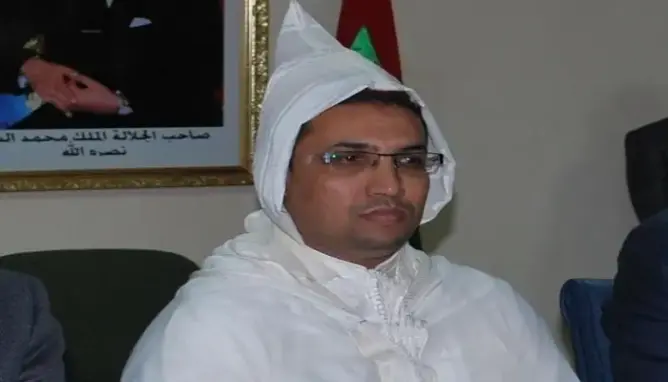 فضيحة تجهيز إقامة عامل إفني بـ 360 مليون سنتيم .. غضب محتشم وصمت مريب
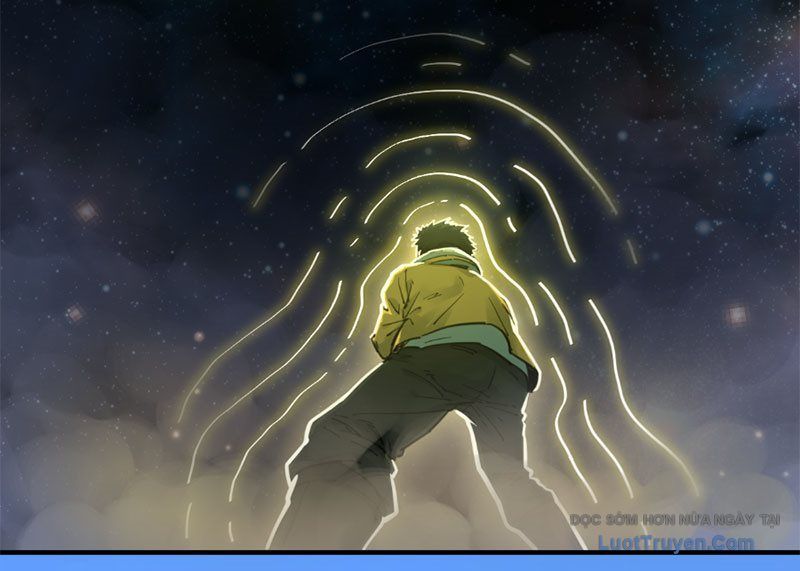 Hộp Mãnh Thú Kỷ Nguyên Cơ Giáp [Chap 63-64]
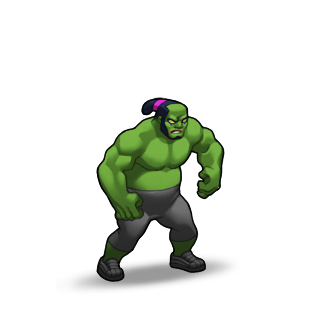 boss_walk_1_0_2
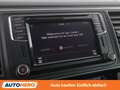 Volkswagen T6 Multivan 2.0 TDI Edition 4Motion Grau - thumbnail 24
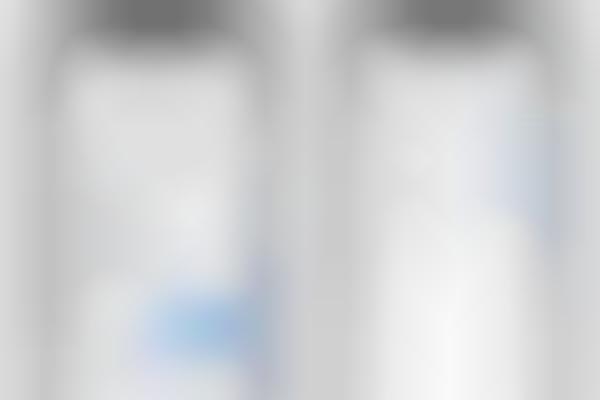 Privacy-Centric Social Media Controls
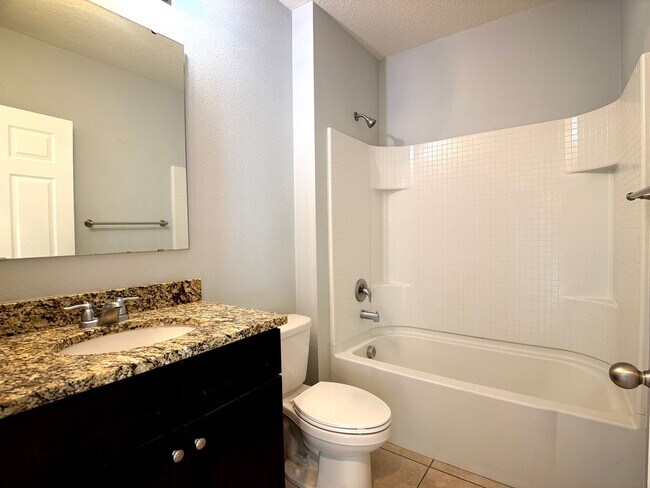 Building Photo - Move-In Ready • Lawn Care Included • Pet-Friendly!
+ + + +
_Your goal_
Your task is to reproduce all of the material exactly. The pictures stay out.

_Written reply_
 فضيحة تجهيز إقامة عامل إفني بـ 360 مليون سنتيم .. غضب محتشم وصمت مريب
 Hộp Mãnh Thú Kỷ Nguyên Cơ Giáp [Chap 63-64]
 boss_walk_1_0_2
 Volkswagen T6 Multivan 2.0 TDI Edition 4Motion Grau - thumbnail 24
 Privacy-Centric Social Media Controls
 Building Photo - Move-In Ready • Lawn Care Included • Pet-Friendly!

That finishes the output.